Monday, November 10, 2008

A Great Day

So I would love to say that life has been a walk in the park lately and that I have been the happiest person in the world, but that would be a total lie.....as I made a comment yesterday to one of the ladies at church I said it was going to be a great week, I really meant it with a HUGE amount of sarcasm, and these 2 ladies we like I wish I could have her attitude as she has more going on in her life then we do, and i felt like oops I should have told them I meant different, but later it made me think as we went out to Barb and Glenn's that I needed to take this on this week, I need to make this a great week! there is alot going on but yet there is so little compared to other people it truly is perspectives, your day will only be as great as you allow it. there is a ton of positive going on, David went to the gym 3 days last week and on to day 1 of this week but did great last week he has even stopped taking his perscripton advial and is just down to the store level and that was just one the weekend when we did too much for him. but he also drove this weekend and he drove to therapy today, this morning I woke up early to go to therapy at the school, and I was actually somewhat happy to be up in the morning not as go go as others but I was not as dead as I could be.
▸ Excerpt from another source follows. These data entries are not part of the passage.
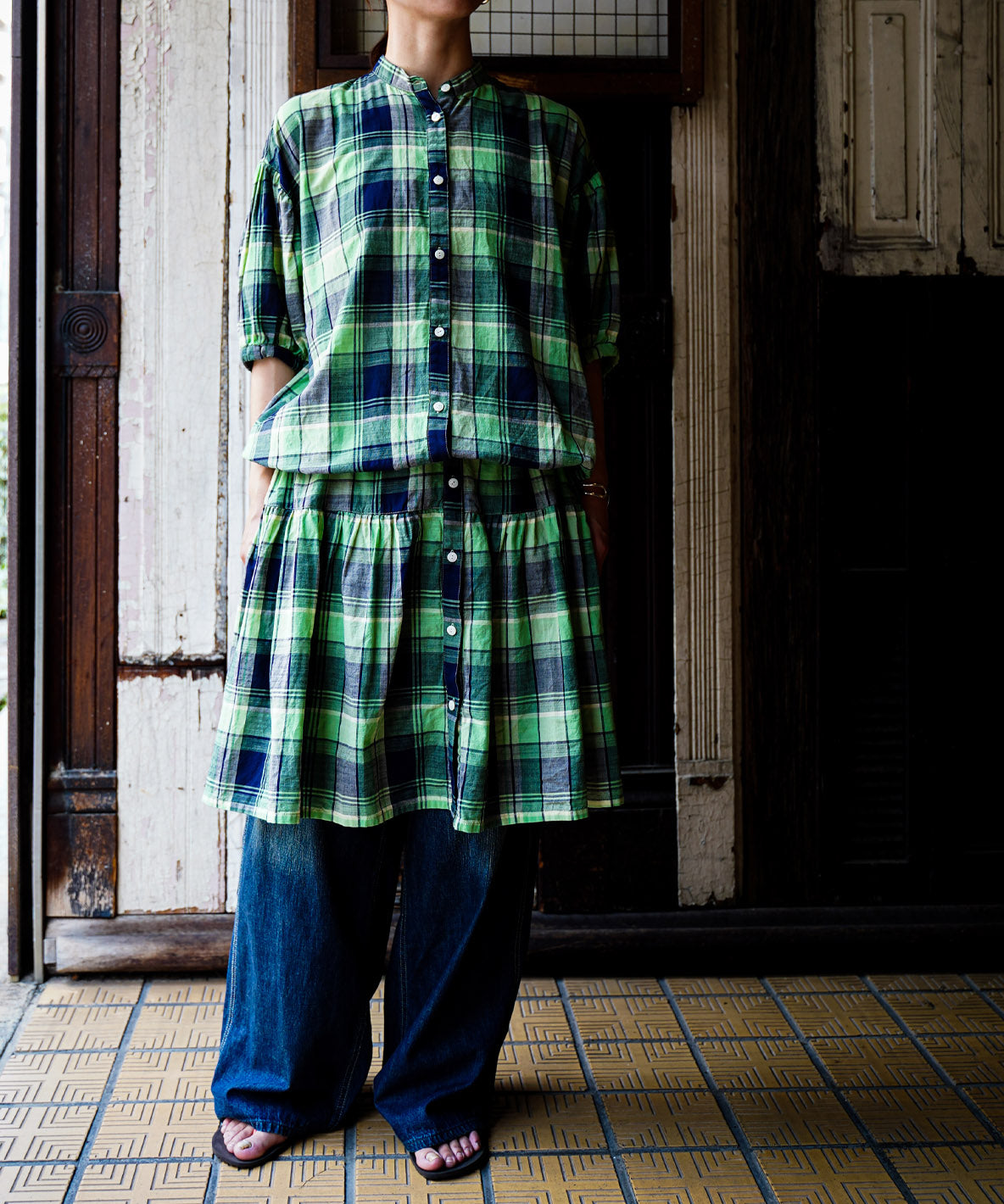 Madras Plaid Docking Dress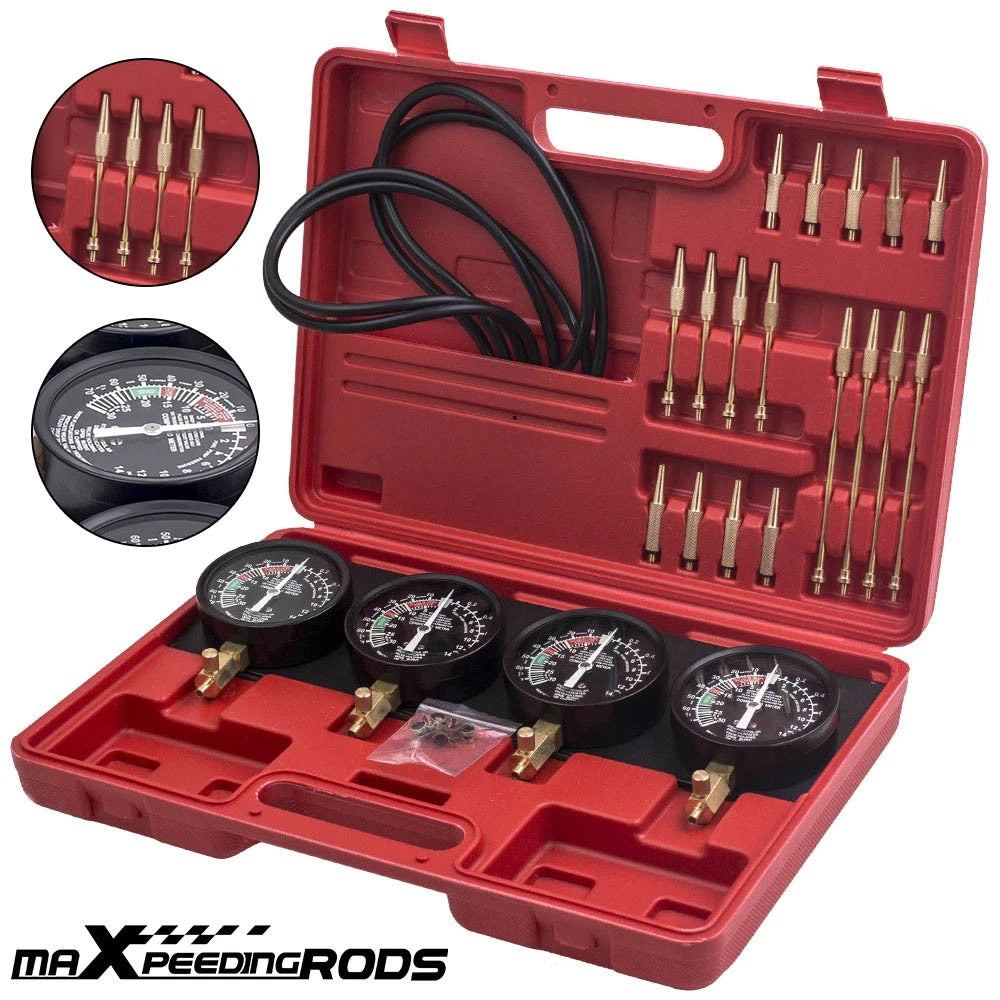 Fuel Vacuum Carburetor Synchronizer Gauge Adjustment Tool Set for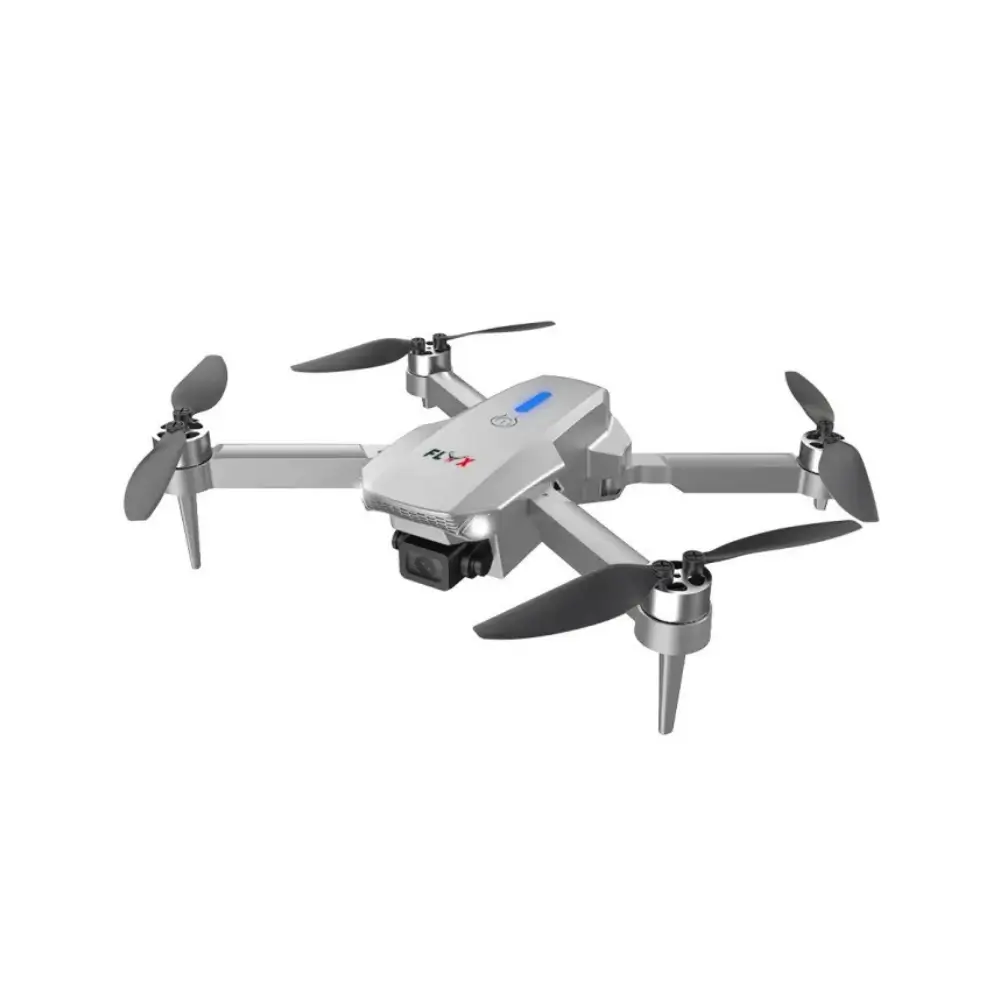 Flyx Max 2 drone shown from a front angle on white background Flyx Max 2 drone shown from a front angle on white background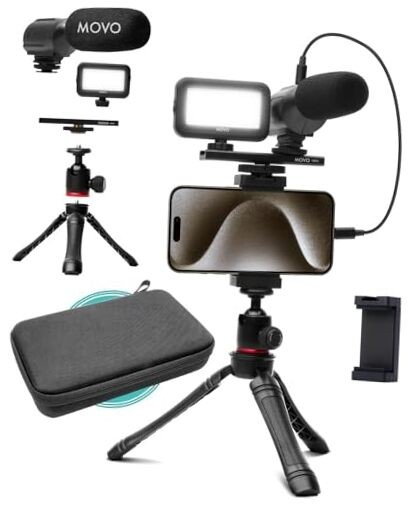 Vlogging Kit for iPhone 15/16 - Phone Video Kit Accessories: Phone USB-C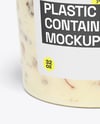 Plastic Container with Clam Chowder Mockup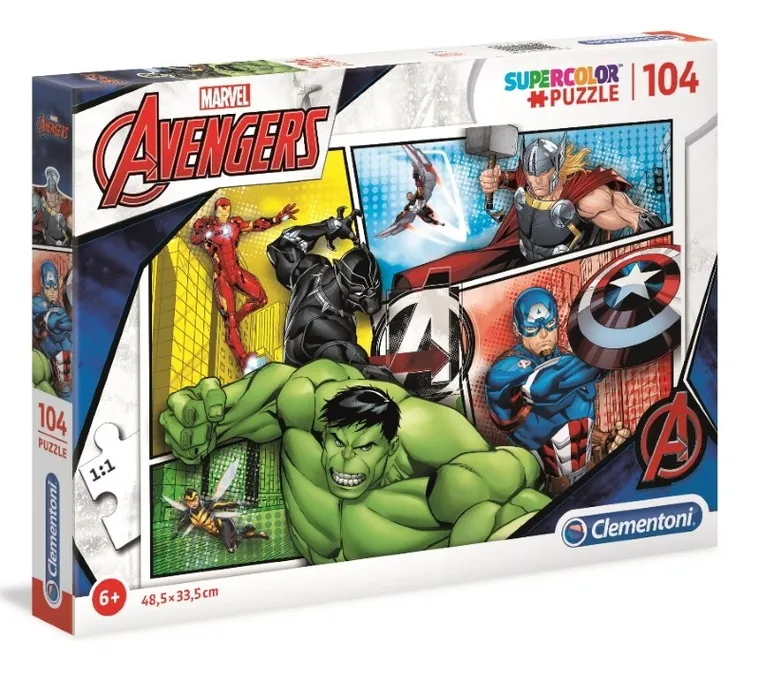 Clementoni, Super Color, The Avengers, puzzle, 104 elementy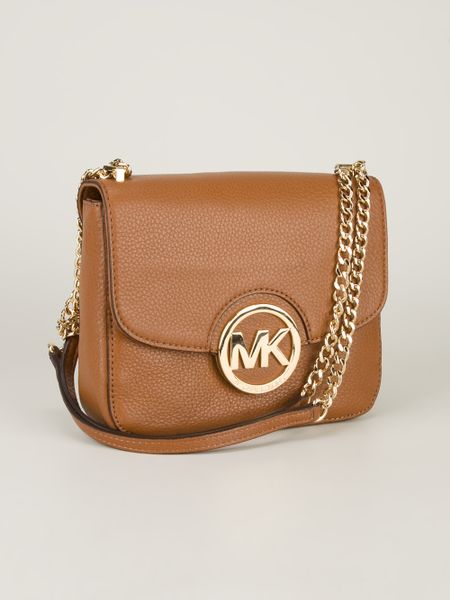 Michael Kors Chain Strap Shoulder Bag in Brown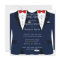 Blue And White Gay Wedding Shower Invitations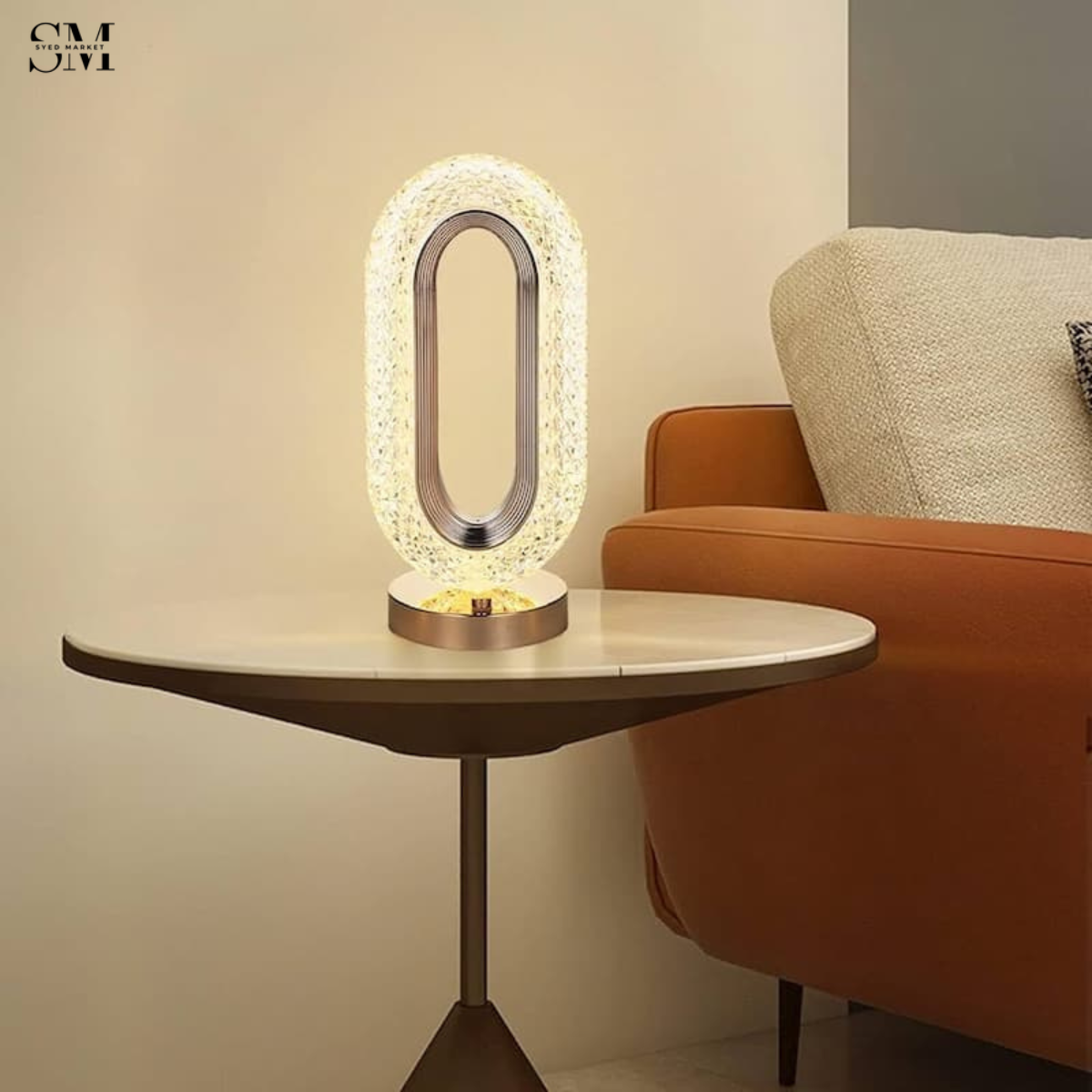 MODERN CRYSTAL TABLE LAMP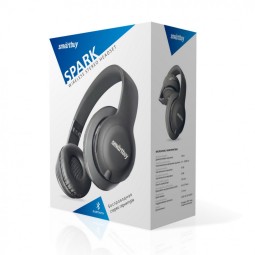 Стереонаушники Bluetooth Полноразмерные Smartbuy Spark SBH-7045 BT5.0/350mAh/10ч серые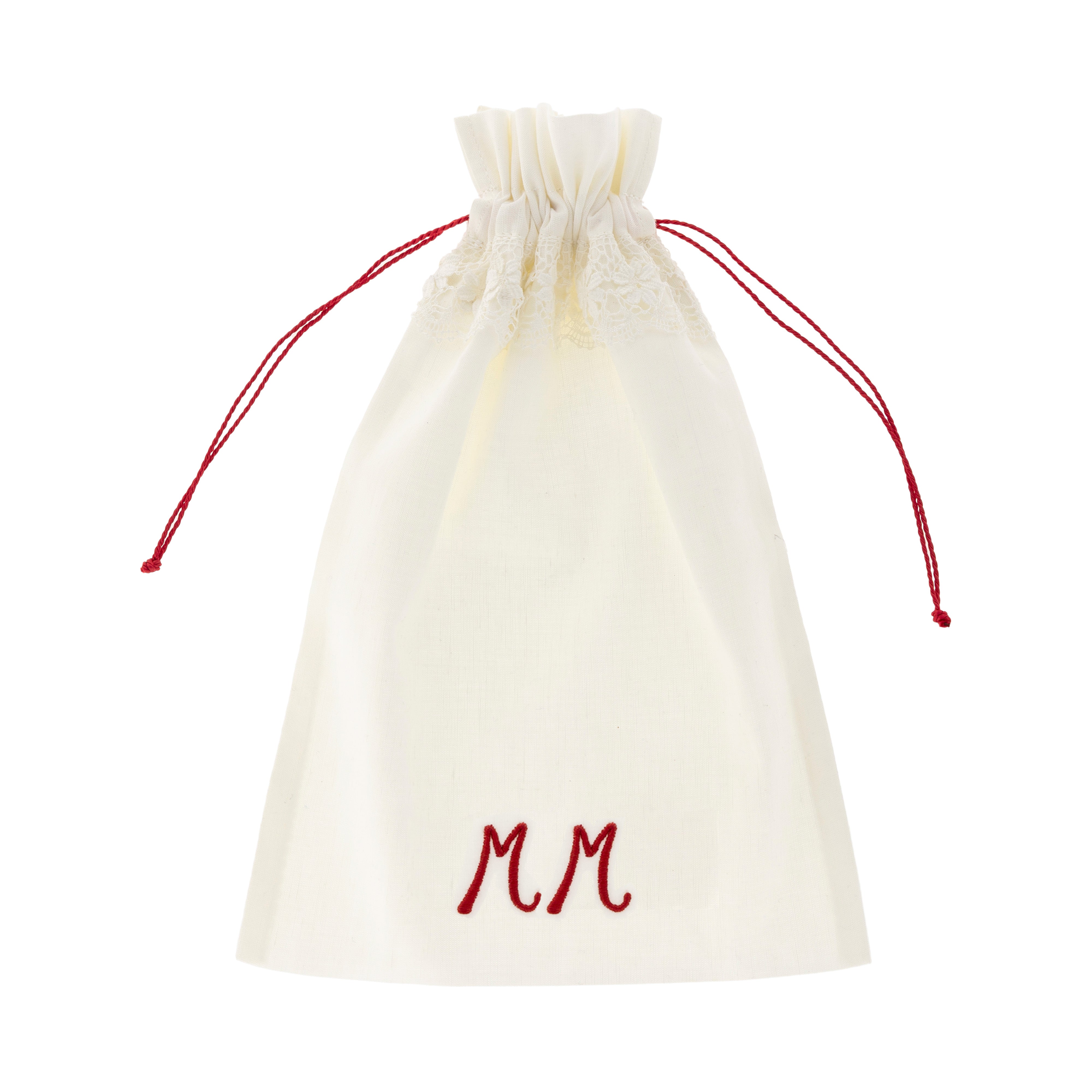 Camarinas Lingerie Bag Initials in Red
The boys are doing awesome in therapy and they are doing the most amazing I have ever seen them in primary and it is such a blessing for me, I know more than ever that Heavenly Father hand picked this house out for us, the blessings that keep pouring down on our live is amazing. David would probably roll over laughing if he read this because I have been that miserable to him lately, but I am trying it has been a hard thing to have him home and not at work making normal money, but also to have him home and not being able to do as much and being so tired, it is hard to let someone have a nap even if they really need it when you yourself are not able too and really really are needing that nap to if that makes sense. sometimes I have felt like I had 4 kids with everything going on and now that he has made some steps forward this has helped me alot. I know there are always going to be things in front of our views that we think is the hardest thing that Heavenly Father has given us but let me tell you never wish for more, be grateful for what you have and count those blessings.